TO DO => Every line of the material below should be output exactly as written, with the images skipped.

PROVIDED DATA =>
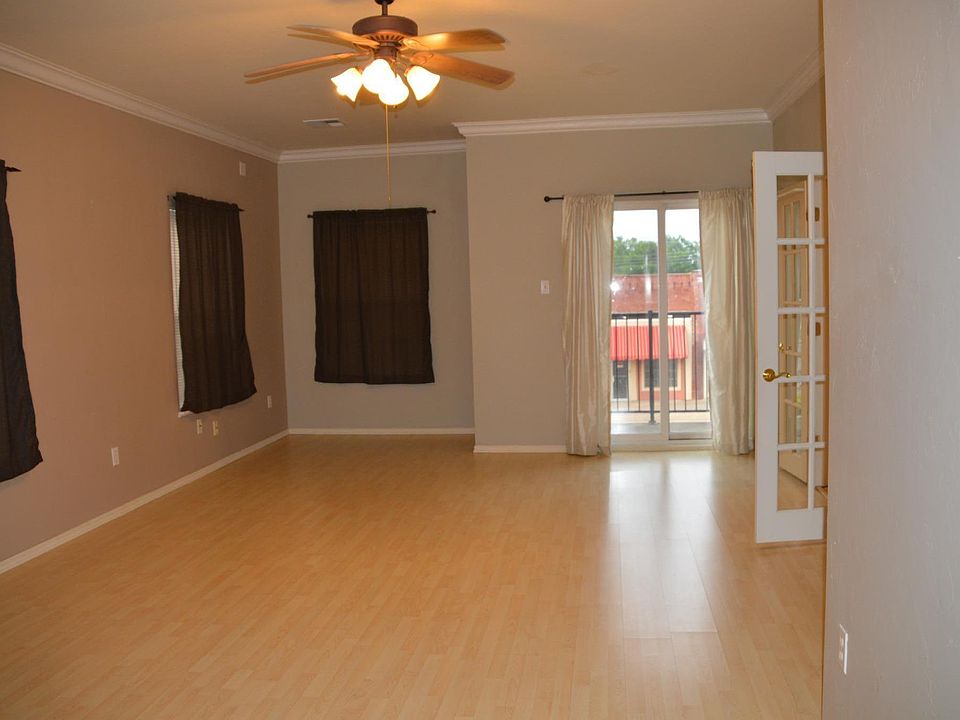 Living Room with access to small balcony ioverooking Downtown Tecumseh.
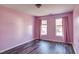 Bright bedroom with pink walls, two windows, and laminate floors at 1212 Southgate Dr, Raleigh, NC 27610
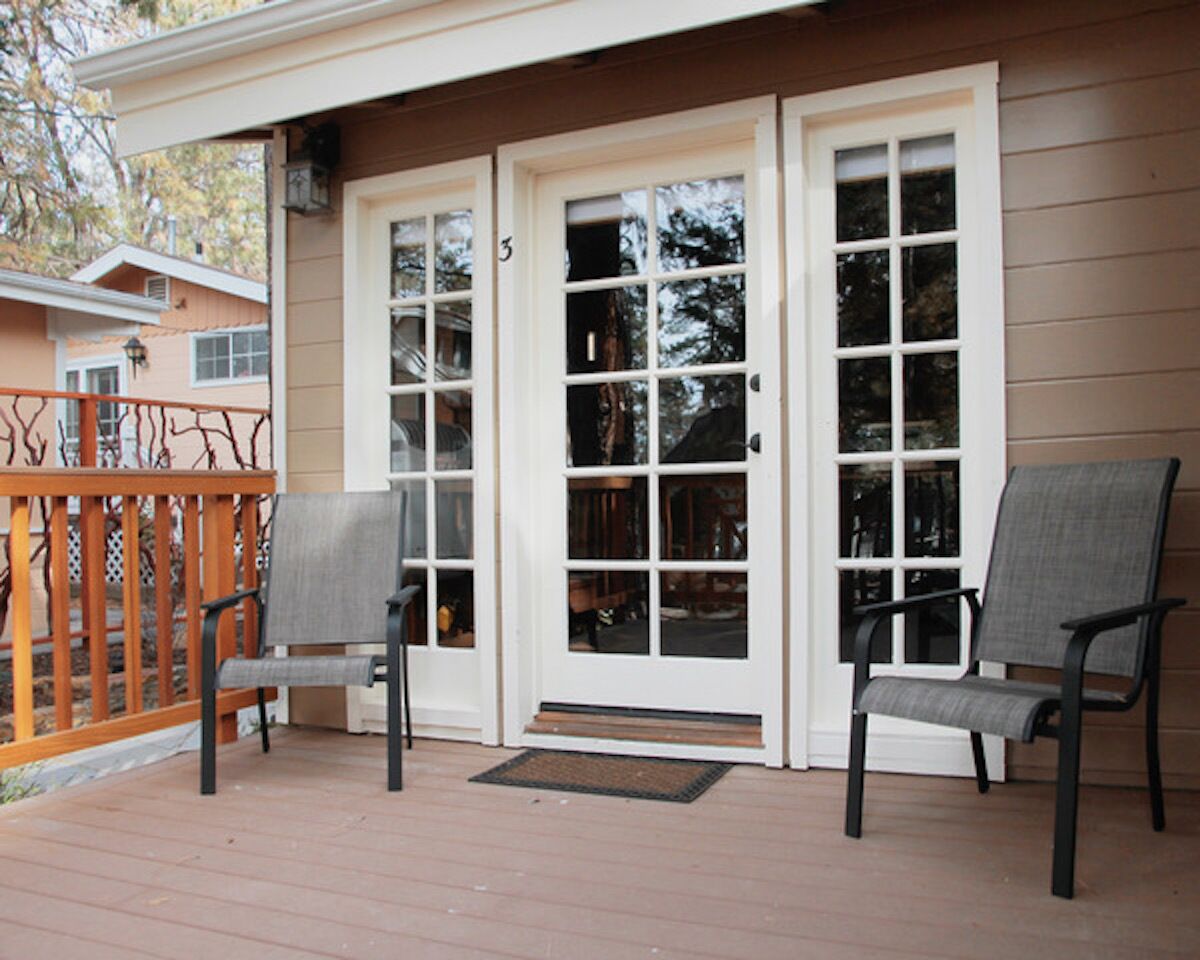 Une véranda avec deux chaises et une balustrade en bois.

ANSWER AREA =>
 Living Room with access to small balcony ioverooking Downtown Tecumseh.
 Bright bedroom with pink walls, two windows, and laminate floors at 1212 Southgate Dr, Raleigh, NC 27610
 Une véranda avec deux chaises et une balustrade en bois.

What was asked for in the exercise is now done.